Le commandement français a le temps d’opérer un rétablissement. Il n’a pas de disponibilités : il s’en créera ; il coupera son manteau en deux pour tout couvrir : ce sera moins bien, mais ce sera. Il bouche. Le 29, le plein du général commence de se faire. Le Boche a si bien ignoré la faiblesse de Rollot, que c’est sur Mesnil-Saint-Georges qu’il va redonner. Il faut qu’il emporte le passage, qu’il parvienne en chemin de fer. Le 30, il va s’y ruer quatre fois : à 7 h. 30, à 10 h., à 11 h. 30, à 17 h. Les nôtres sont arrivés. Ils le tapent, et à un bataillon contre une division le renversent de l’autre côté du village. Ils reprennent Mesnil. « Il semble bien, écrivent-ils le soir de cette râclée, que l’armée de réserve Foch a déjà commencé d’être engagée par portions. » Cela leur semble si bien, qu’ils ne vont plus insister à cet endroit. Foch est arrivé devant Montdidier ? Remontons alors, fonçons plus haut. On trouvera quand même le chemin de fer. Le lendemain, ils se jettent sur Grivesnes. Il ne s’agit plus de rater le coup. Il faut passer.
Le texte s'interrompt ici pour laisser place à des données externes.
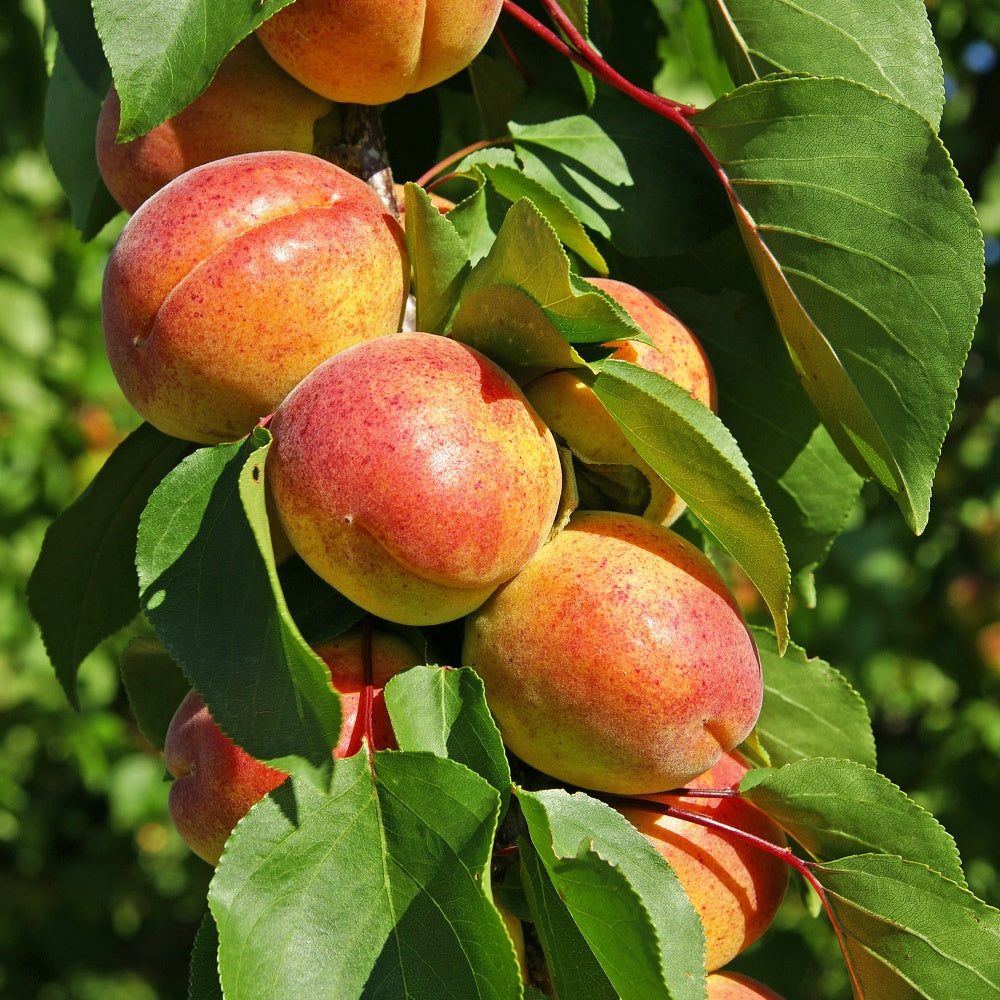  Abricotier Polonais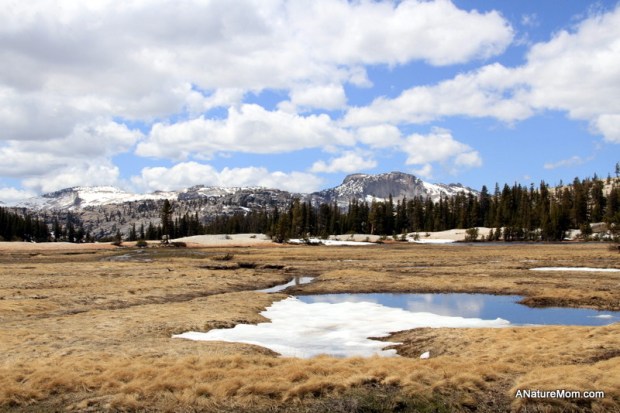Yosemite May 2013 034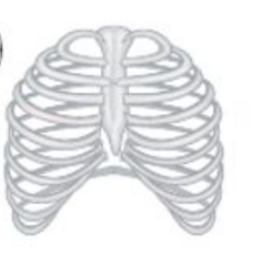 04013rs0-186f-258x261.png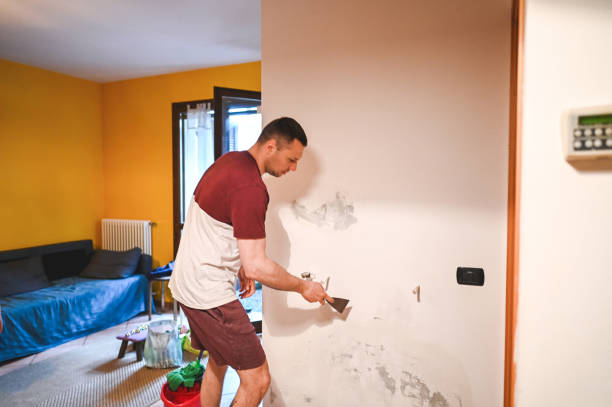 Best Crawl Space Mold Removal  in El Sobrante, CA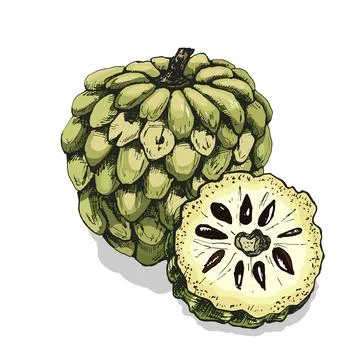 Whole and half apricot. Vector color vintage hatching illustration isolated Stock Illustration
Ils vont faire donner la garde. Grivesnes est un parc. Un château, des communs, tout se mène là-dedans, corps à corps, à coups de crosse, de lardoir. Ce sont les cavaliers à pied qui travaillent. Ils assomment la garde. Ils la couchent, éventrée, dans les fossés du parc. Un chef, le soir, appelle ça : « Le nouveau ravin de Gravelotte ». « Nous avons des difficultés de transports et d’exécution », annonce alors l’agence Wolff. Plutôt ! Maintenant, notre armée est là, prête à tout. (Et l’attaque sur le Chemin des Dames, en Champagne, en Lorraine, Hindenburg, où est-elle ?)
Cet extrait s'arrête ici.